A failure of atheist cheerleading

Apparently Miss Myers didn’t get the message that all books written by New Atheists are to be blindly defended, tooth and claw, rather than criticized for the flaws that are apparent to any intelligent reader. I was both impressed and vastly amused by her scathingly dismissive review of Sam Harris’s The Moral Landscape, as it was even harsher and more contemptuous than my own review of it.

So, to summarise:

1. Utilitarianism is right, but not any more justifiable than anything else. But who cares what other people think, anyway?

2. Because utilitarianism is right, we don’t have to be loopy post-modernists.

3. Science can tell us what makes us happy. Here’s a smattering of scientific studies about the brain.

Why in the hell do they give out book deals so easily? This book isn’t about convincing others, or providing novel ideas. It’s about pandering to atheists with very little knowledge of philosophy and ethics and an abundance of arrogance, telling them science is with them, and then reiterating how immoral people who like FGM and throwing acid in girls’ faces are and how we don’t have to listen to them because We Are Right. This is nothing but a convoluted rehashing of utilitarianism that still falls to the same old criticisms, and an immense waste of time unless you really like a good ignorant circlejerk.

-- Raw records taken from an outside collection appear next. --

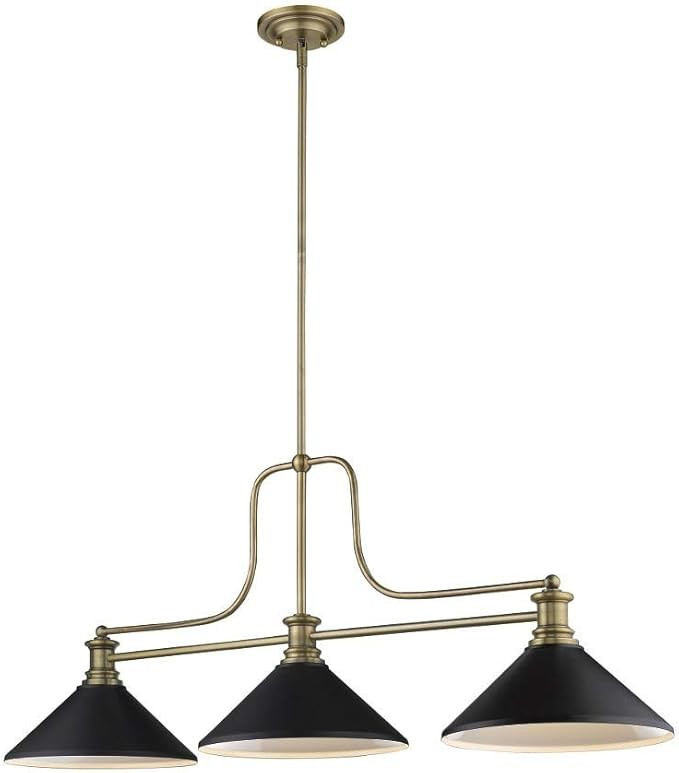 Z-Lite 725-3HBR-MMB 3 Light Chandelier, Heritage Brass | Amazon (US)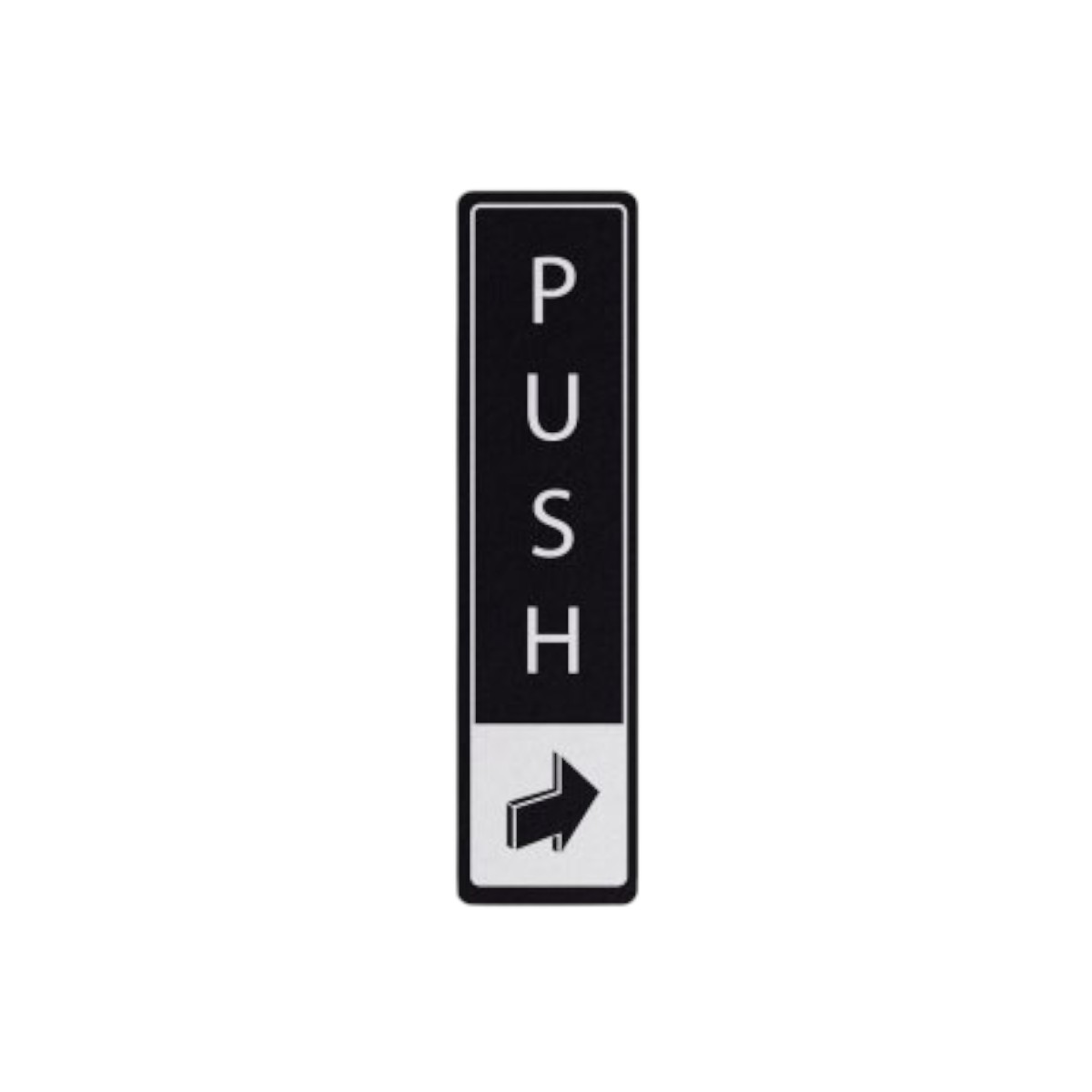 Push Vertical With Symbol Door Sign White On Black Dm114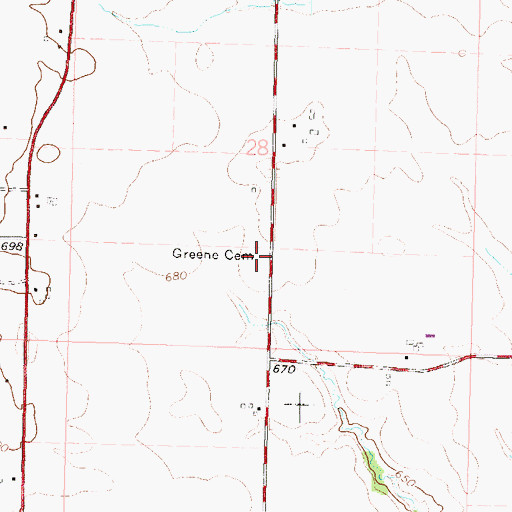 Topographic Map of Jenkins-Green Cemetery, IL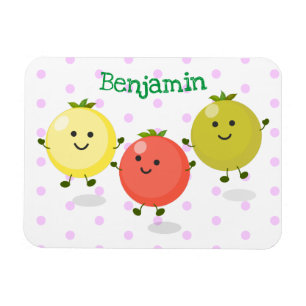 Cute cherry tomatoes cartoon illustration magnet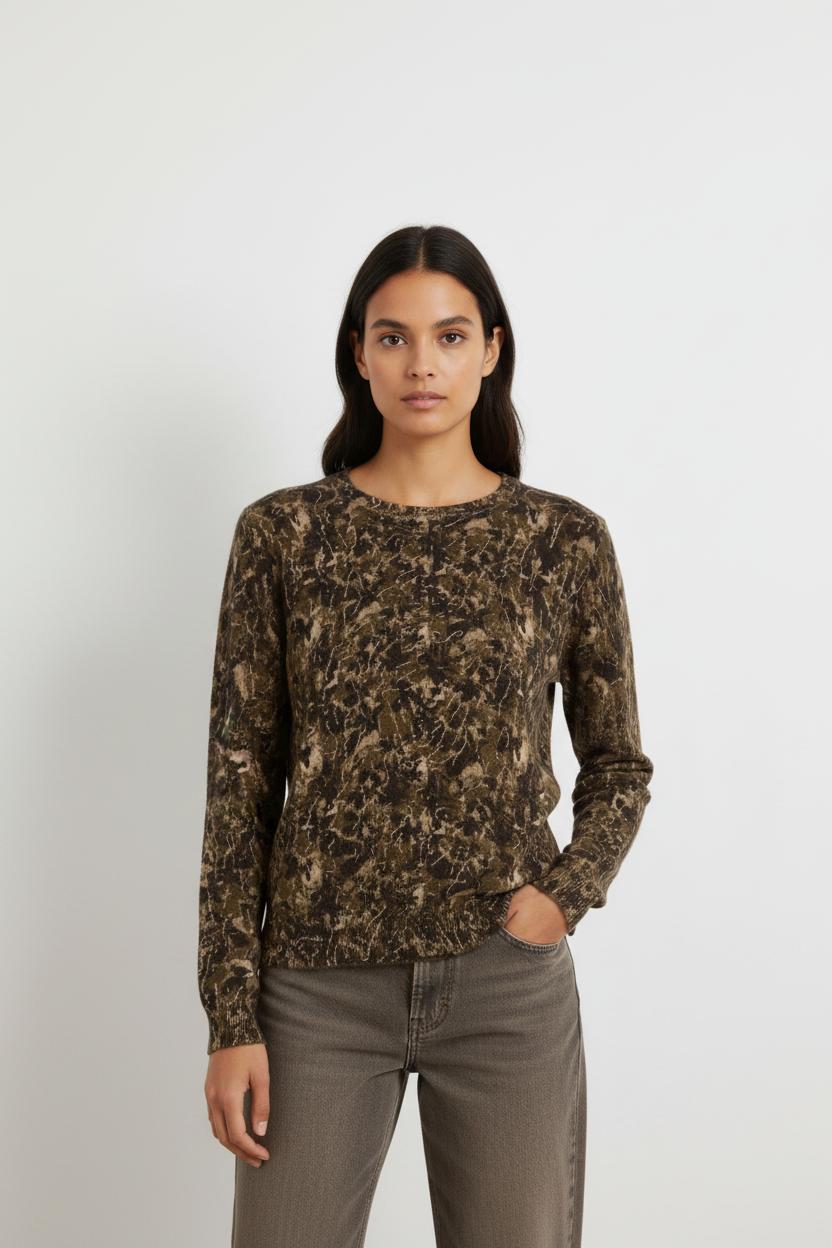 Pull vert et marron - Taille XS/34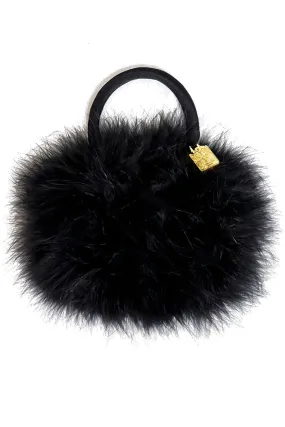 1990s Vintage 31 Fevrier Paris Marabou Feather Evening Bag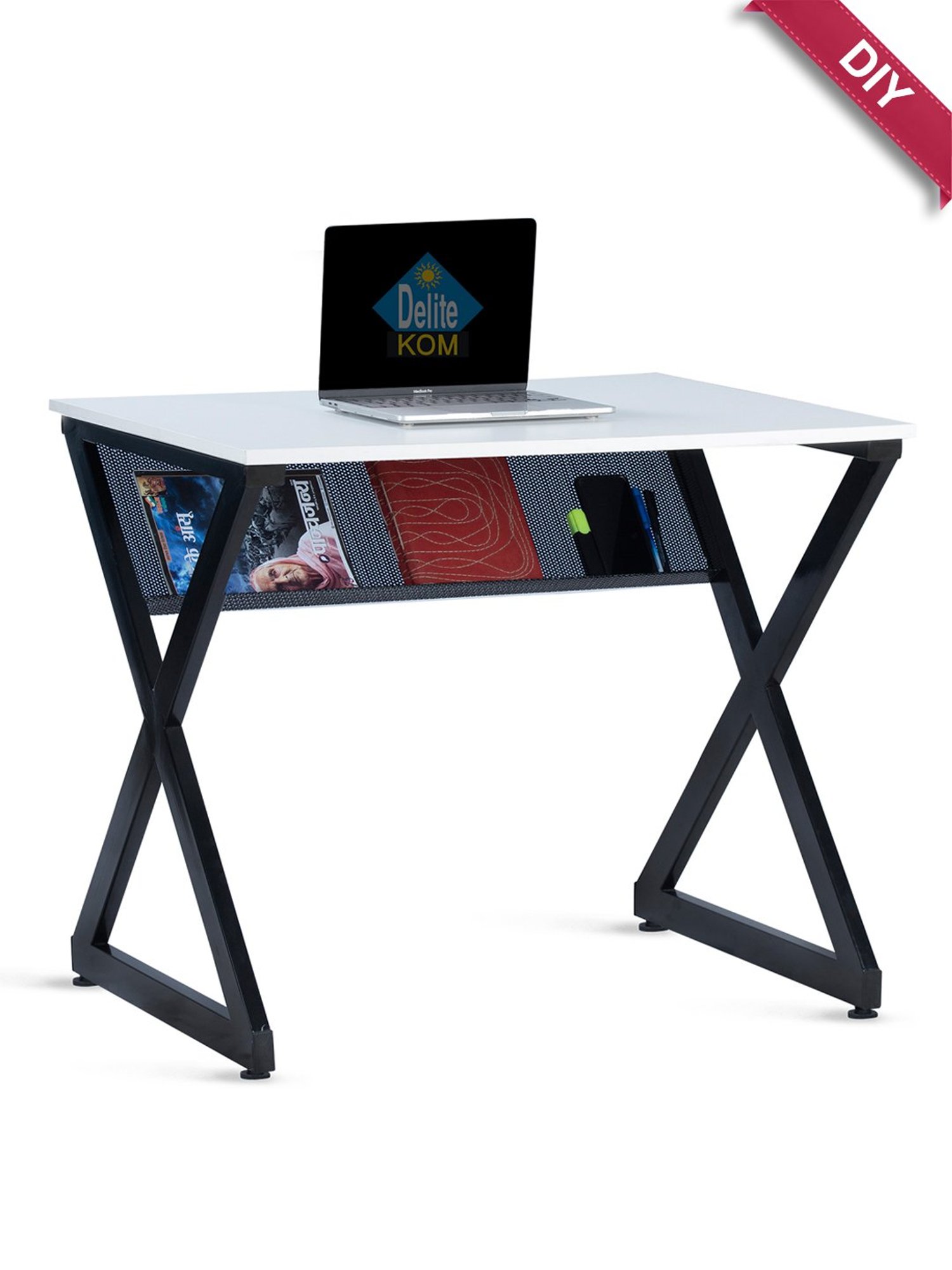 Delite Kom XOXO Frosty White & Black Engineered Wood Study Table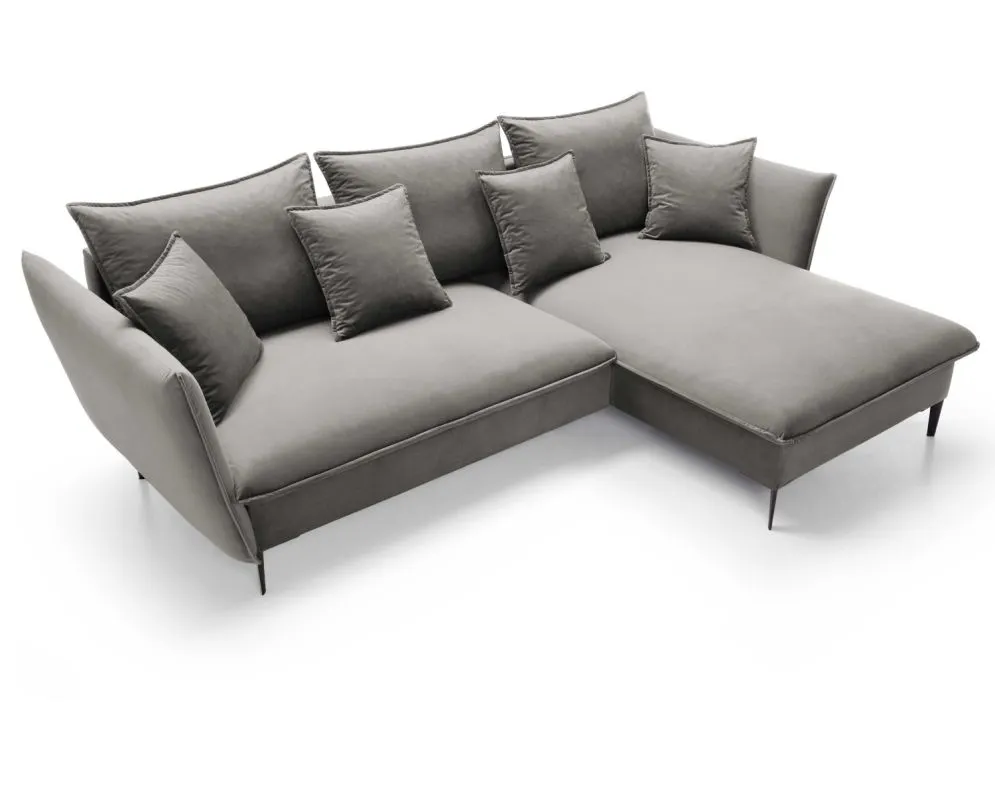 Narożnik z funkcją spania BOSS szary na metalowych nogach I sklep meblowy MIRAT.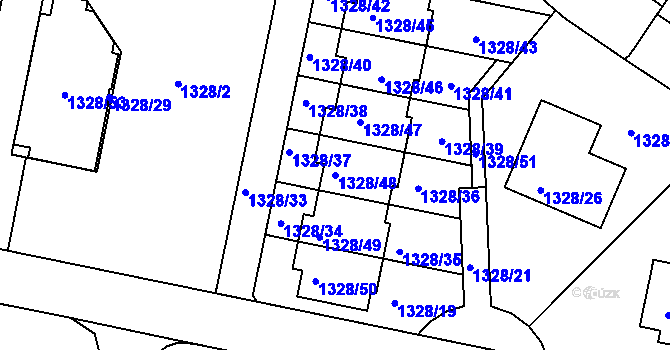 Parcela st. 1328/48 v KÚ Kladno, Katastrální mapa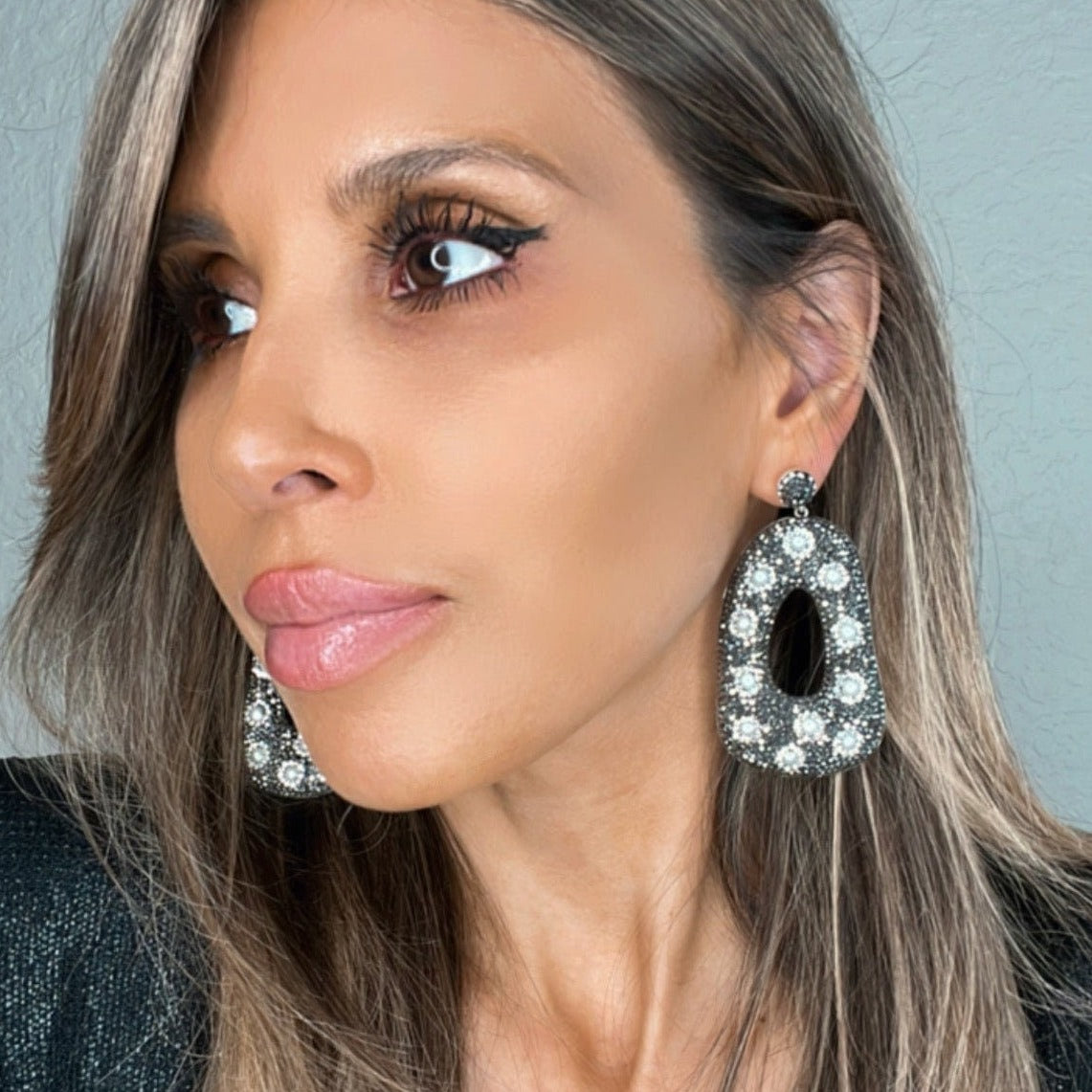 Sterling Silver Crystal Pearl Statement Earring - Born To Glam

It would certainly be interesting to see Miss Myers review Sam Harris’s two previous books, to say nothing of the other books I addressed in The Irrational Atheist, with the same skeptical eye. Regardless, it appears she will make a more challenging champion of atheism than her father ever has because she is willing to pay attention to the words as written and to think for herself rather than to simply parrot centuries-old talking points and froth at the mouth like some sort of performing bearded clown monkey.

It appears that I wasn’t the only one to notice the similarity in our conclusions concerning Harris’s book. Unbelievable, PZ’s daughter is the female version of Vox Day. What’s next? anti-feminism, repeal of women’s right to vote, border control and Austrian economics?

We can always hope that sweet reason will triumph, even if we harbor few expectations of it. And certainly, the intrinsic problem of utilitarian consequence pointed out by Miss Myers is not dissimilar to the famous Austrian explication of the impossibility of socialist price calculation. I must say, however, that she was perhaps a little unfair to Sam Harris in failing to give him credit for at least attempting to make a necessary case that so many other atheists have avoided, and in some cases, even claimed to be irrelevant. Ironically, given my past suspicions about him, Sam Harris may in some ways have turned out to be the most intellectually honest of the evangelical atheists. His blithely candid arguments are at least relevant, even if they reliably reveal his carelessness and inability to construct a valid argument on solid foundations.